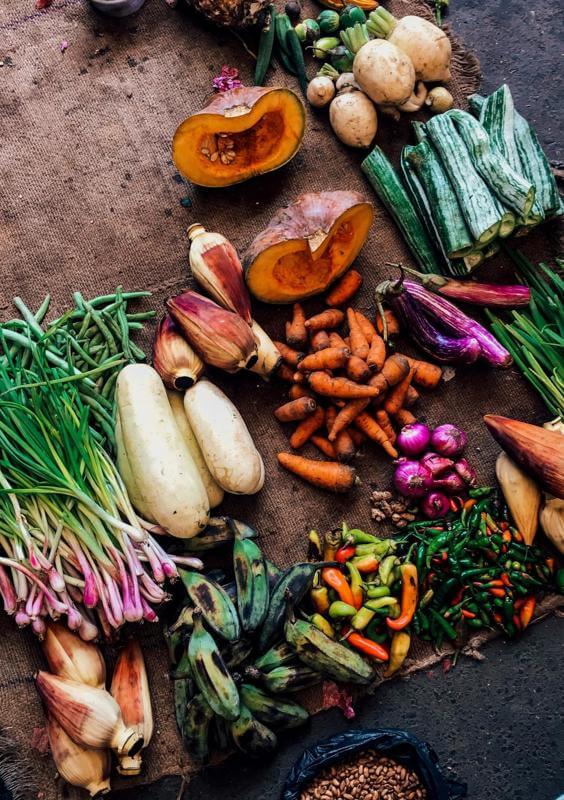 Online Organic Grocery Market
* * *
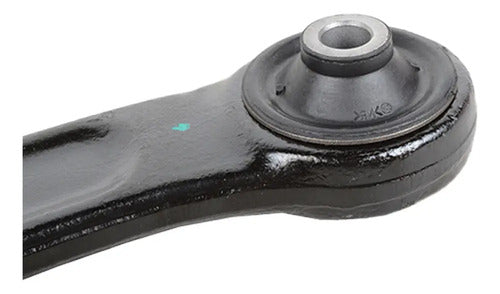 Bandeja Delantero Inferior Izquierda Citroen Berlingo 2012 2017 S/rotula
---
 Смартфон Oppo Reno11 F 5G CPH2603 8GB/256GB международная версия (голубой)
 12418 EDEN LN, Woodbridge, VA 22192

→ Problem statement: In the listing above, locate the line containing "Смартфон Oppo Reno11" and the line containing "12418 EDEN LN, Woodbridge, VA 22192". Extract those two lines and every line between them, exactly as written, and only those.

→ Finished task:
 Смартфон Oppo Reno11 F 5G CPH2603 8GB/256GB международная версия (голубой)
 12418 EDEN LN, Woodbridge, VA 22192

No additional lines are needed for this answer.